■ **TASK INPUTS**:
>>>
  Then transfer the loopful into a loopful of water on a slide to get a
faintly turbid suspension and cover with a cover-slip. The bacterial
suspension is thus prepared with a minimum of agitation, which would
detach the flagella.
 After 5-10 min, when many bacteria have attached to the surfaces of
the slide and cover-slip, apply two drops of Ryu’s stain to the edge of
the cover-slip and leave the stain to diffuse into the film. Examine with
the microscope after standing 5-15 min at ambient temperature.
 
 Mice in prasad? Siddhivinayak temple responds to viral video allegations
<<<
>>>
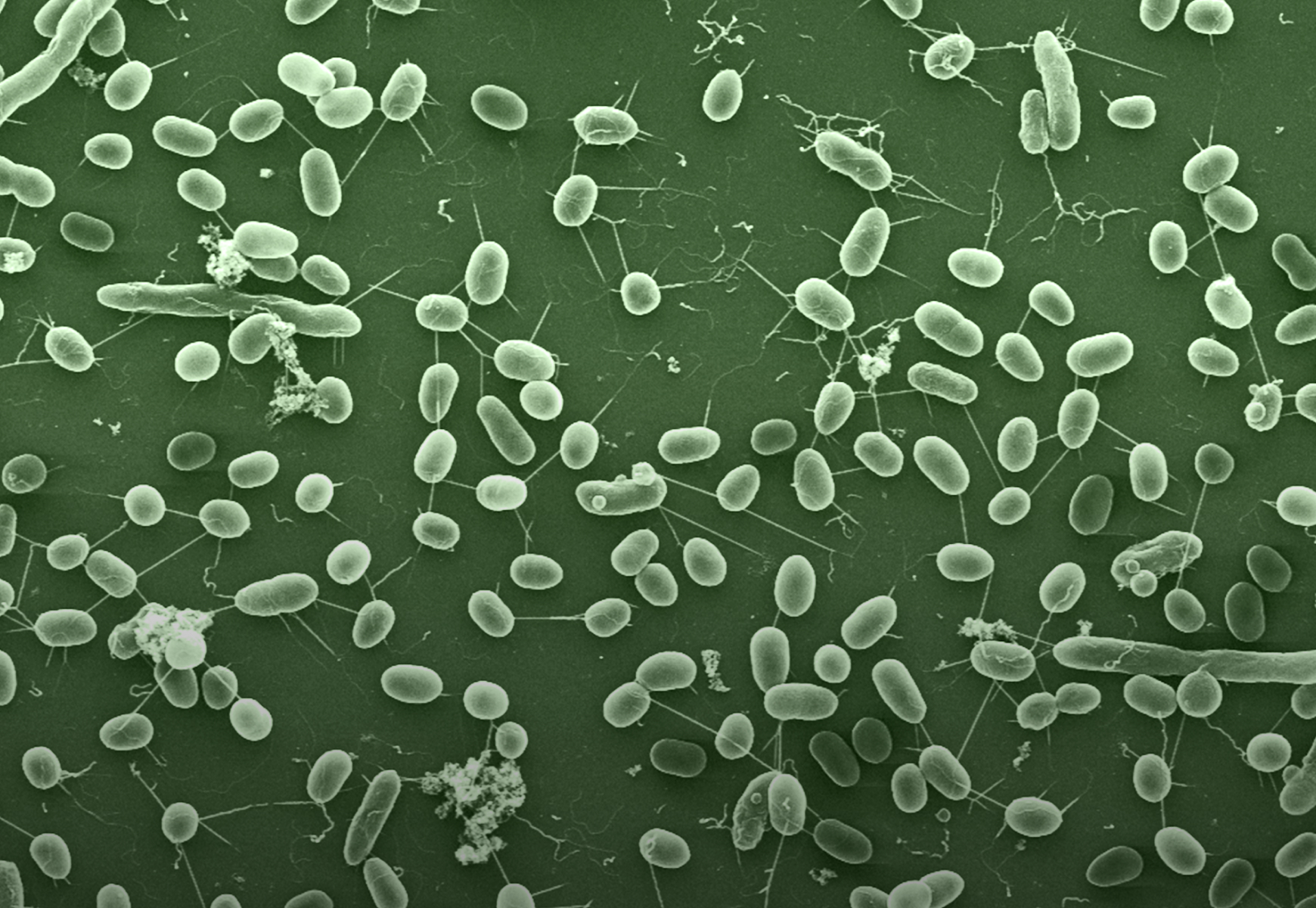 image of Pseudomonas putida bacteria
<<<
>>>
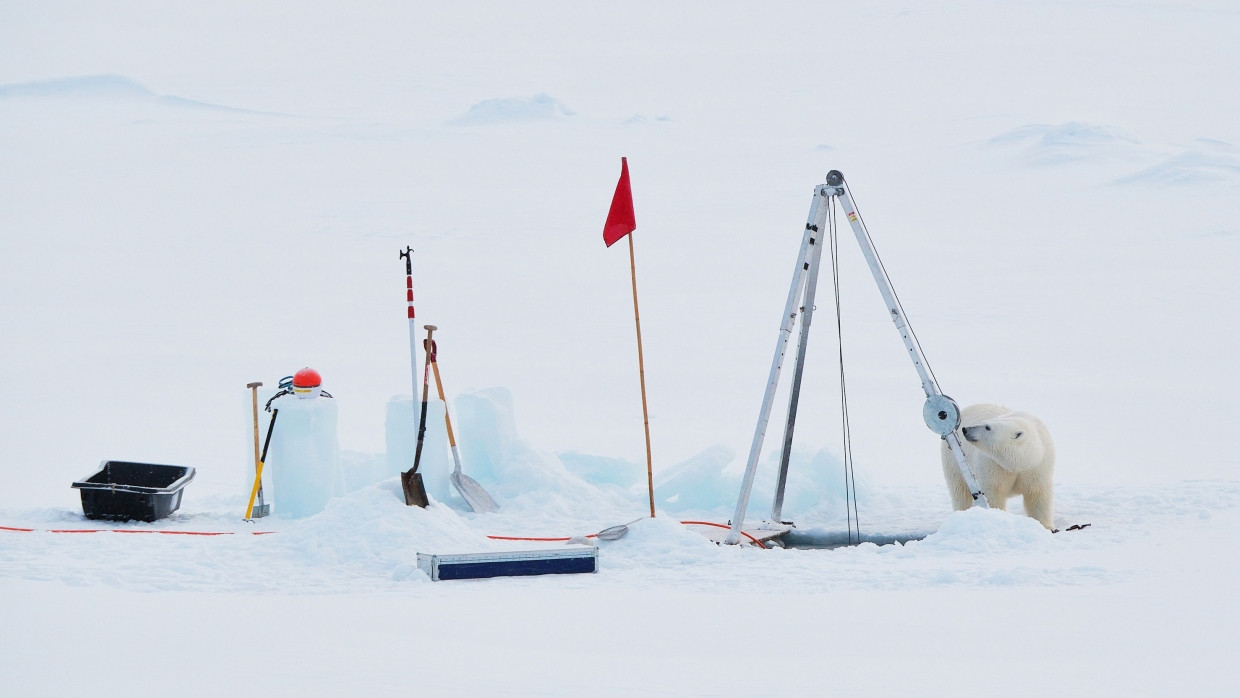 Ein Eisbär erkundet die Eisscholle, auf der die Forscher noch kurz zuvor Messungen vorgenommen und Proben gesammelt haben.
<<<
■ **AIM OF THE TASK**: Copy out the range of lines above starting at the line with "slide to get a" and ending at the line with "Mice in prasad?", exactly and including both.

■ **RESPONSE BOX**:
  Then transfer the loopful into a loopful of water on a slide to get a
faintly turbid suspension and cover with a cover-slip. The bacterial
suspension is thus prepared with a minimum of agitation, which would
detach the flagella.
 After 5-10 min, when many bacteria have attached to the surfaces of
the slide and cover-slip, apply two drops of Ryu’s stain to the edge of
the cover-slip and leave the stain to diffuse into the film. Examine with
the microscope after standing 5-15 min at ambient temperature.
 
 Mice in prasad? Siddhivinayak temple responds to viral video allegations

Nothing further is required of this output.